# Kennt jemand die Marke Hooger Booger?



## tellaNu (3. Juni 2017)

Beim Aufräumen sind wir heute auf ein Hooger Booger BMX gestoßen, das meinem Cousin gehört. Schätze mal, dass es aus den 1990er Jahren stammt. Kenne die Marke nicht... Macht es Sinn, so ein Bike bei Ebay einzustellen oder lassen wir es gleich verschrotten?


----------



## GT-Sassy (6. Juni 2017)

Hooger Booger hat zumindest recht gute MTB´s gebaut. Als BMX Hersteller kannte ich die gar nicht.


----------



## MTB-News.de




----------



## Epic-Treter (6. Juni 2017)

Hooger Booger war mal ein skateboard- und snowboardhersteller


----------



## KIV (7. Juni 2017)

tellaNu schrieb:


> Beim Aufräumen sind wir heute auf ein Hooger Booger BMX gestoßen, das meinem Cousin gehört. Schätze mal, dass es aus den 1990er Jahren stammt. Kenne die Marke nicht... Macht es Sinn, so ein Bike bei Ebay einzustellen oder lassen wir es gleich verschrotten?

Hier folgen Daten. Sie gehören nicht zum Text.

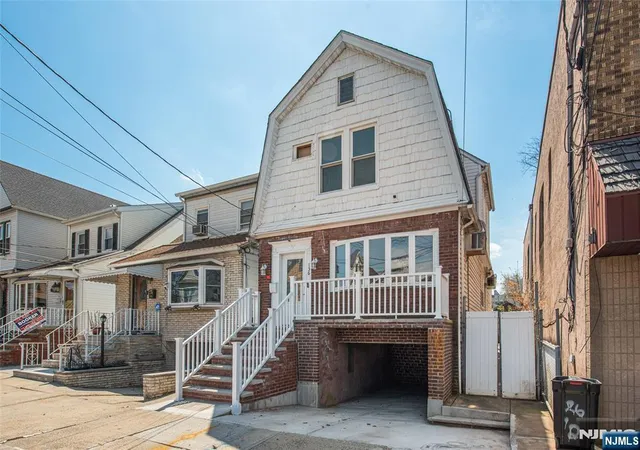 Photo 2 of Single family home for sale at 136 56th Street, Bayonne, NJ 07002 | MLS# 26034015 | Listing updated on 2026-09-13
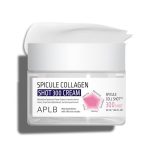 کرم ضدچین‌وچروک و کلاژن اسپیکول شات ای پی ال بی_APLB Spicule Collagen Shot 300 Cream
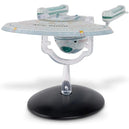 Star Trek - USS Excelsior Ship Figure (XL Edition) - Eaglemoss - The Official Starships Collection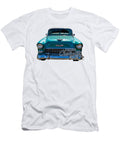 43699 55 Gestalt Imagery T-Shirt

Frag doch hier mal nach: https://www.mtb-news.de/forum/t/hooger-booger.19675/
BMB (Bitte mit Bild)..!


----------



## cruiserin92 (13. Juni 2017)

Ich hatte auch male in Fahrrad von Hooger Booger. Wollte leider keiner haben, aber der Zustand war auch nicht mehr so gut ^^


----------



## pustereas (15. Juni 2017)

Hooger Booger war mal ein skateboard- und snowboardhersteller


----------



## tellaNu (20. Juni 2017)

Danke Kiv, den Thread kannte ich nicht.

Das Bike hat kostenlos den Besitzer gewechselt, ein Junge aus der Nachbarschaft fährt es nun.


----------